■ ASSIGNED TASK
Restate word for word only the lines from the one with "ST MARLO COUNTRY CLUB - Residential" through the end of the records; no pictures belong in the copy.
Top of RECORDS FOR THE TASK
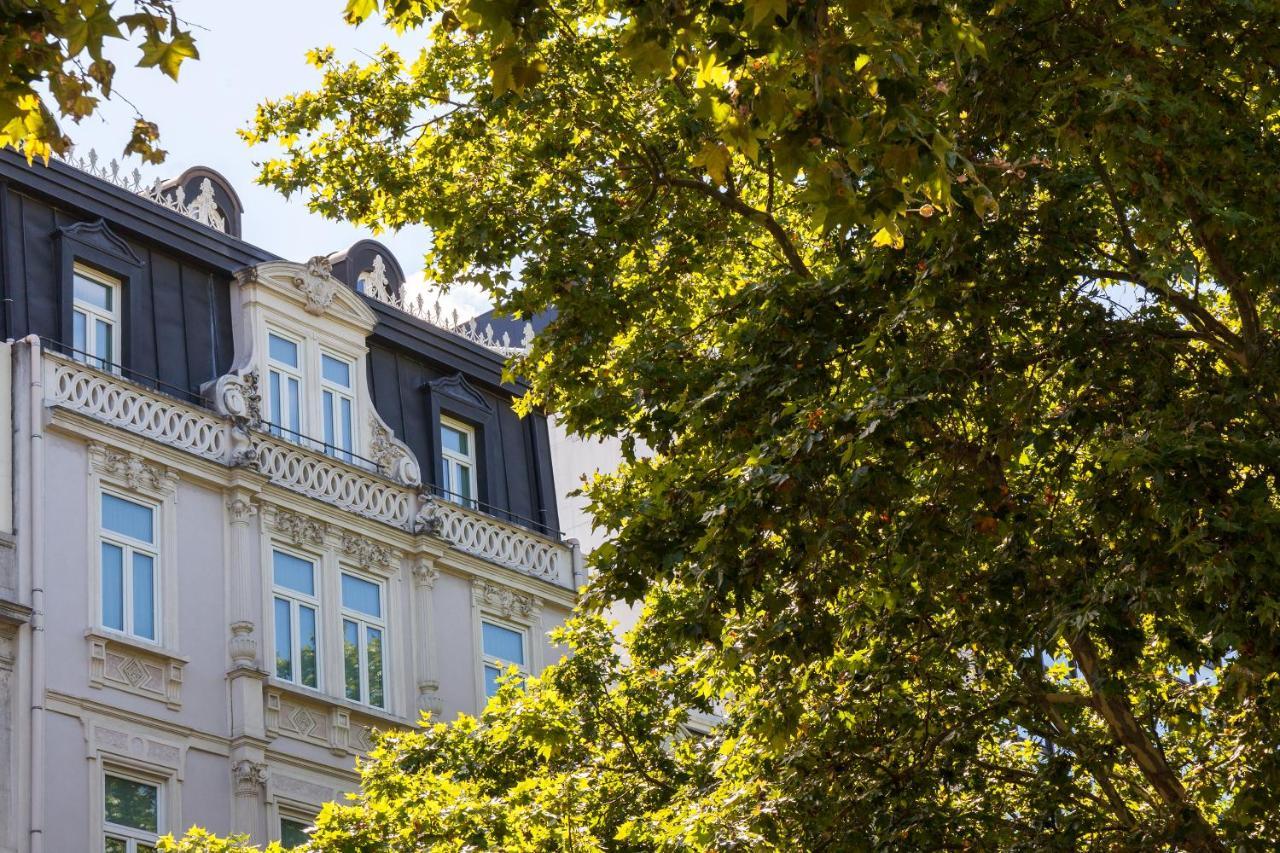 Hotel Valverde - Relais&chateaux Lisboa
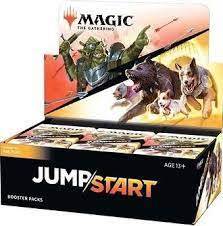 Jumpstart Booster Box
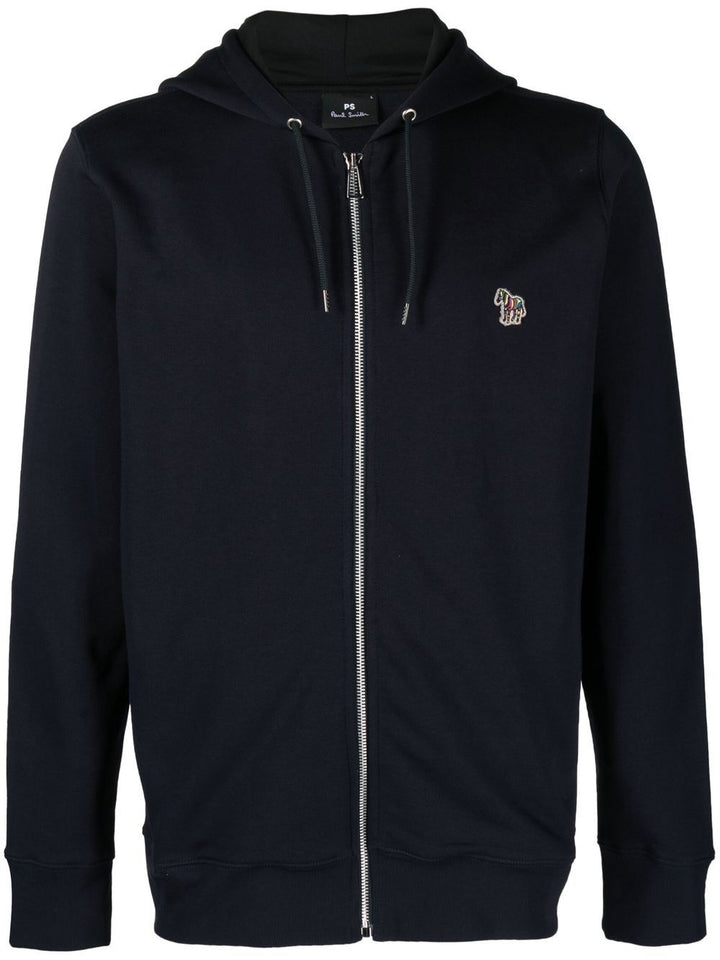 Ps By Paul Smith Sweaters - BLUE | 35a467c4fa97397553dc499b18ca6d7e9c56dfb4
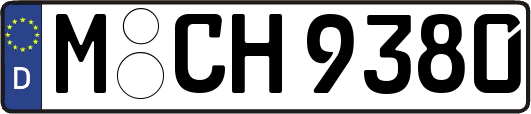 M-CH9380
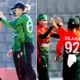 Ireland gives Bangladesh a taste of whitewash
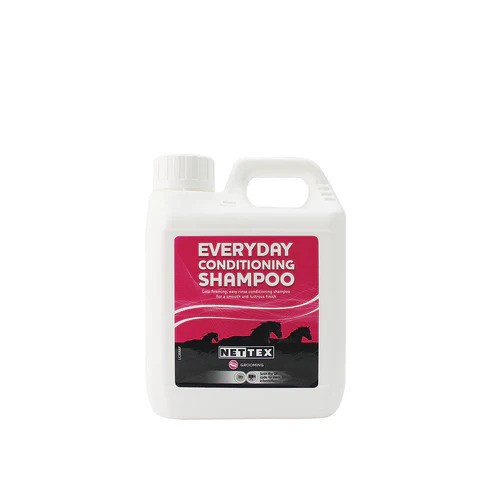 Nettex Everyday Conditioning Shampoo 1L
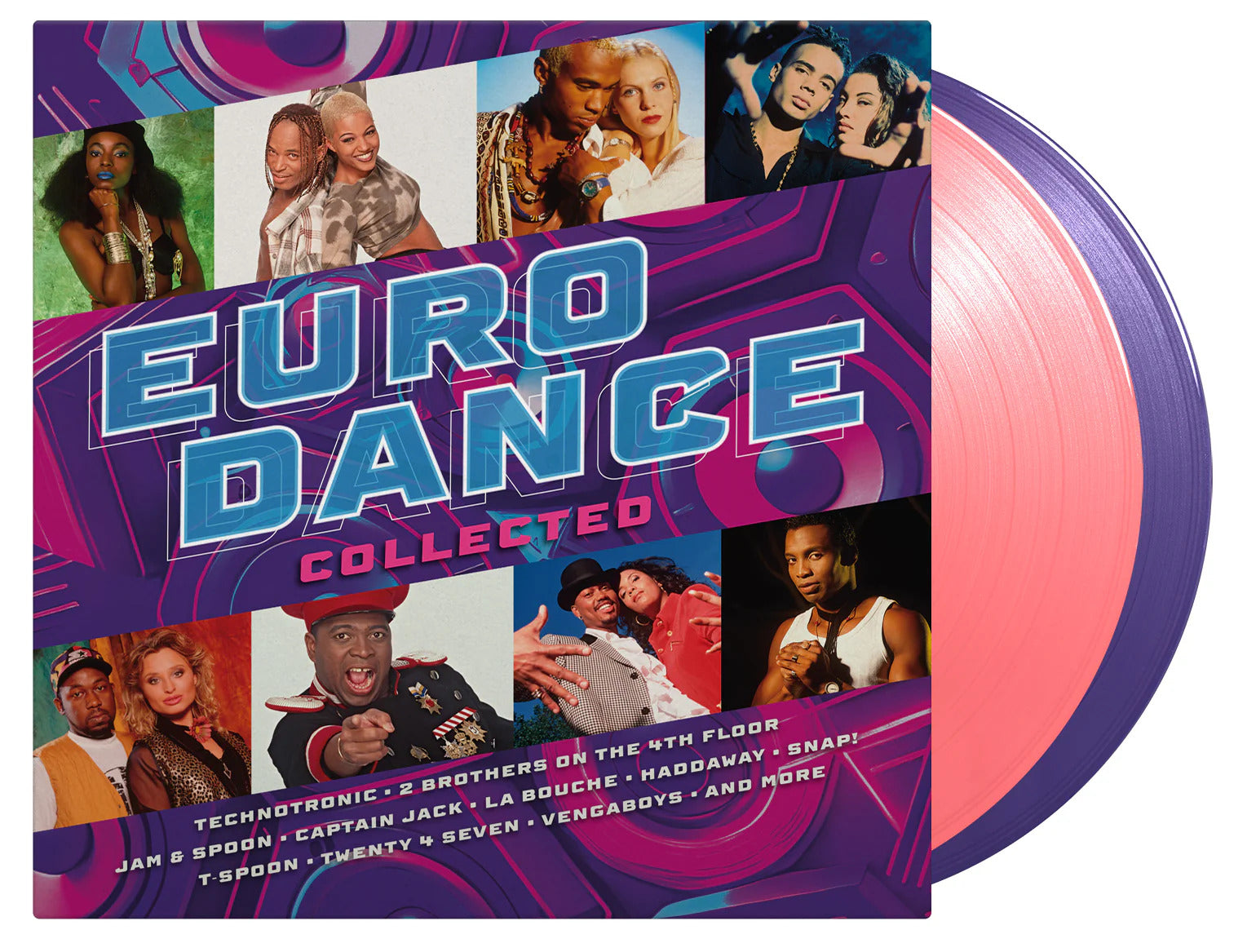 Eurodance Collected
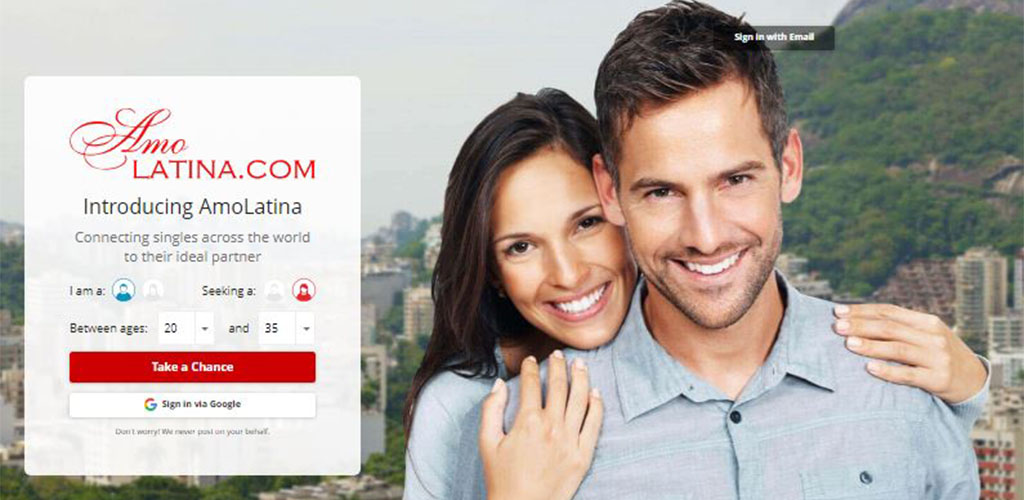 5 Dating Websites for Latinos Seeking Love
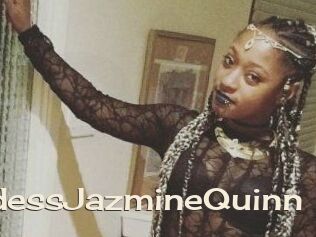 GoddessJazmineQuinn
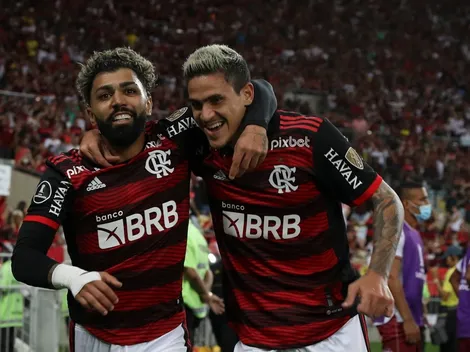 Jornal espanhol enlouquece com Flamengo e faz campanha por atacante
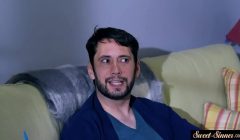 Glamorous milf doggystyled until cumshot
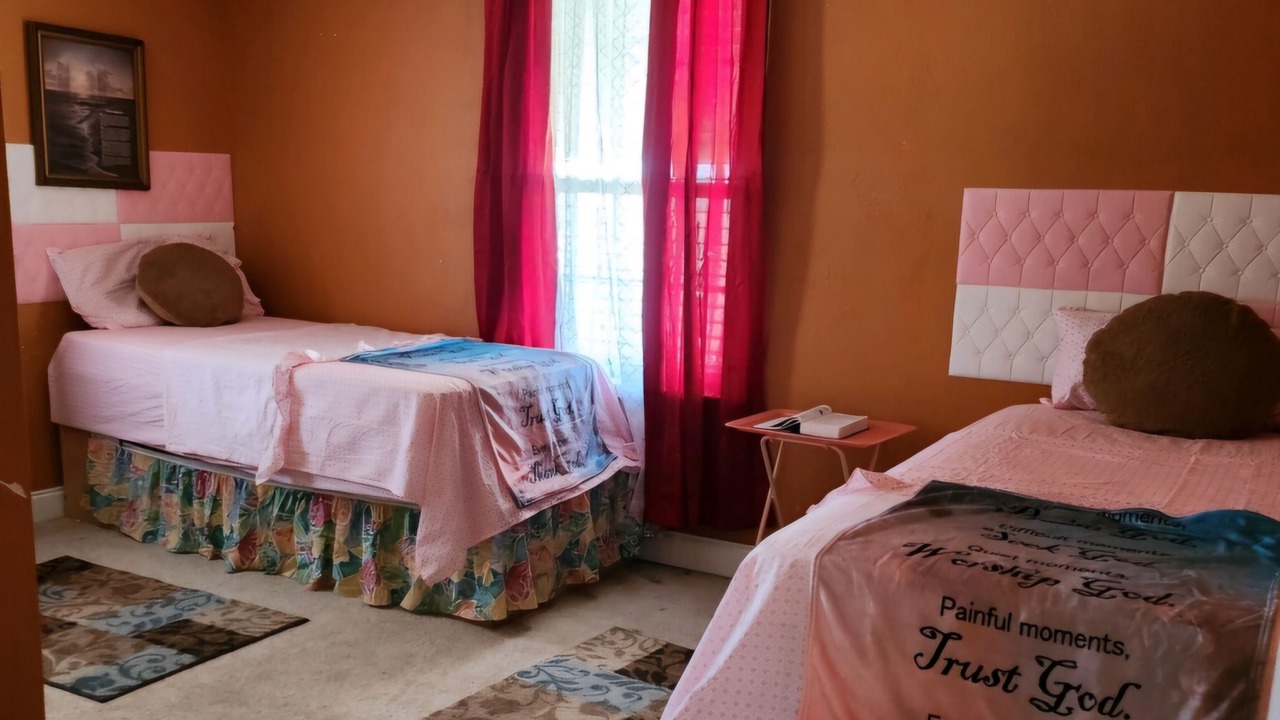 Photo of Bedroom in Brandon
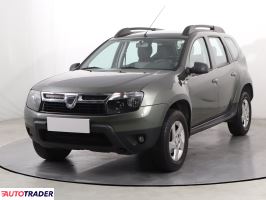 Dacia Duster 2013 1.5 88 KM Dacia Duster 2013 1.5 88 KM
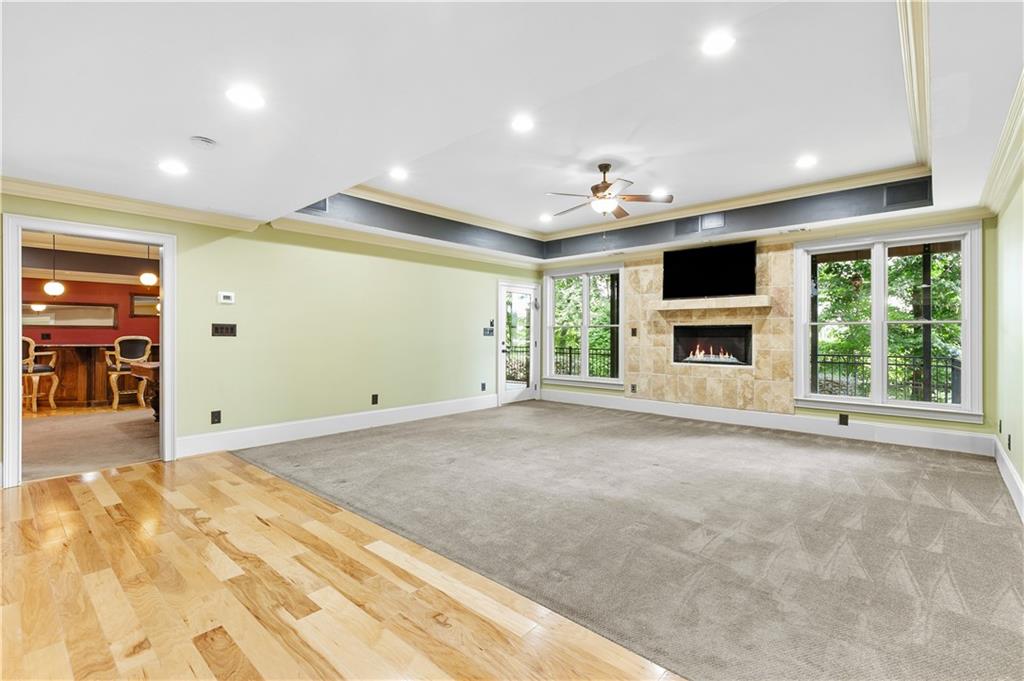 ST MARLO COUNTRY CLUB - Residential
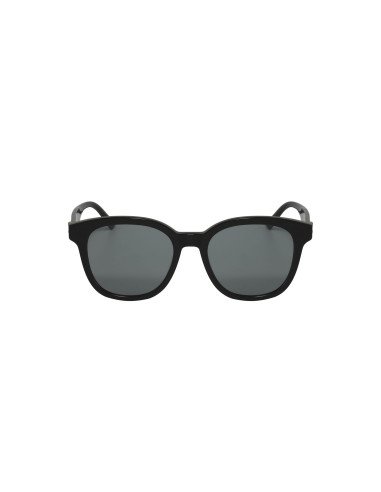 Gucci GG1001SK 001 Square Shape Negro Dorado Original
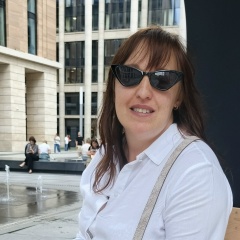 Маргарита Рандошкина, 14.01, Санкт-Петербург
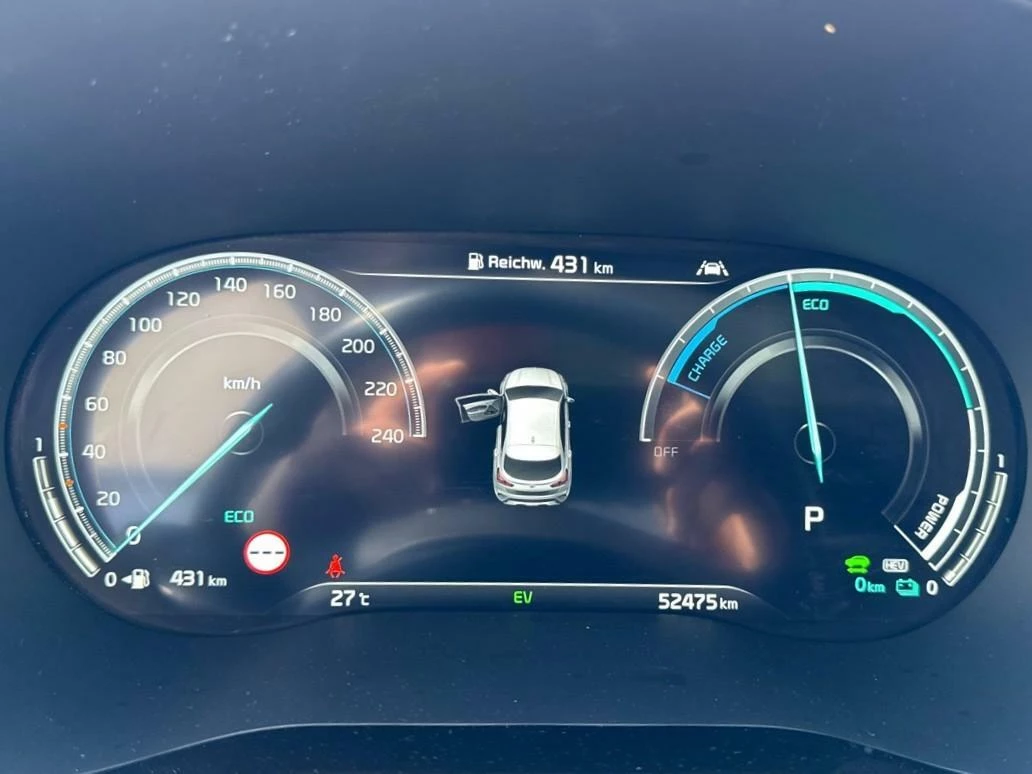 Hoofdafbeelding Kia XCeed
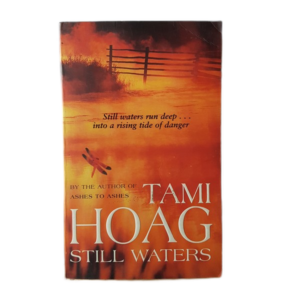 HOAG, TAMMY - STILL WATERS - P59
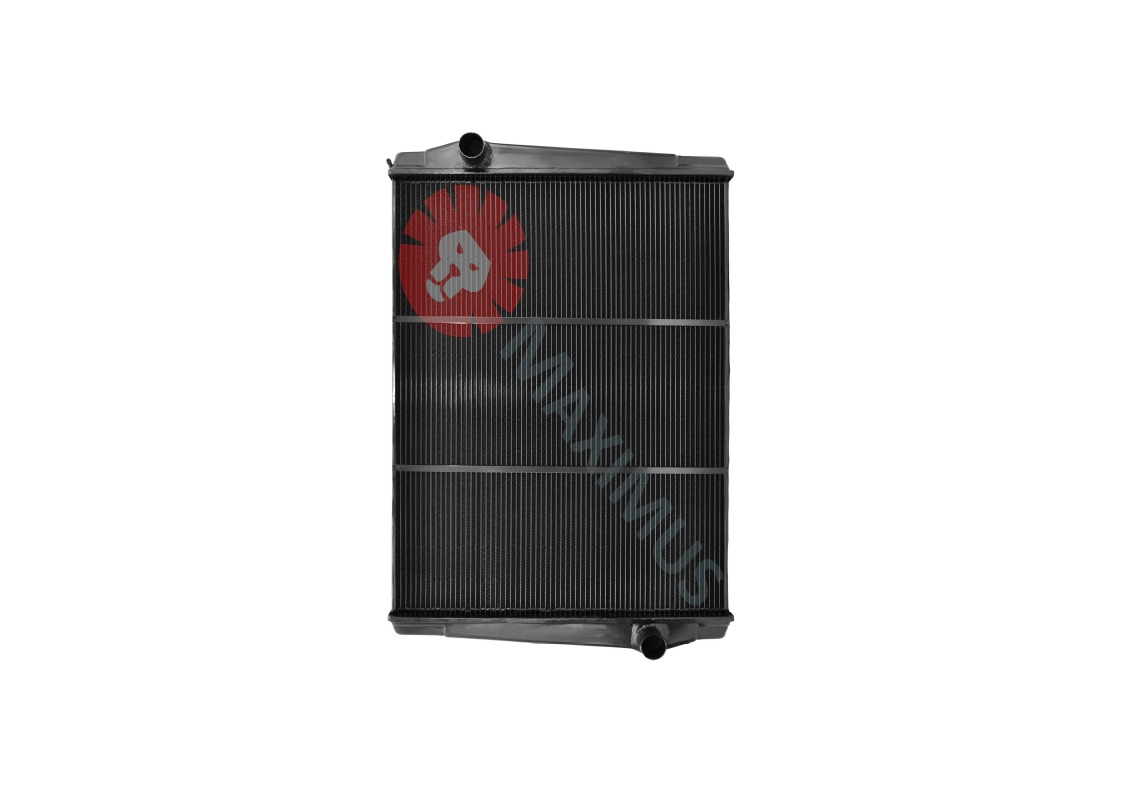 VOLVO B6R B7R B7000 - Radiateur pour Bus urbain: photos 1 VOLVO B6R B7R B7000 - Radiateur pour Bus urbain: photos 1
Bottom of RECORDS FOR THE TASK
■ TASK OUTPUT
 ST MARLO COUNTRY CLUB - Residential
 Gucci GG1001SK 001 Square Shape Negro Dorado Original
 Маргарита Рандошкина, 14.01, Санкт-Петербург
 Hoofdafbeelding Kia XCeed
 HOAG, TAMMY - STILL WATERS - P59
 VOLVO B6R B7R B7000 - Radiateur pour Bus urbain: photos 1 VOLVO B6R B7R B7000 - Radiateur pour Bus urbain: photos 1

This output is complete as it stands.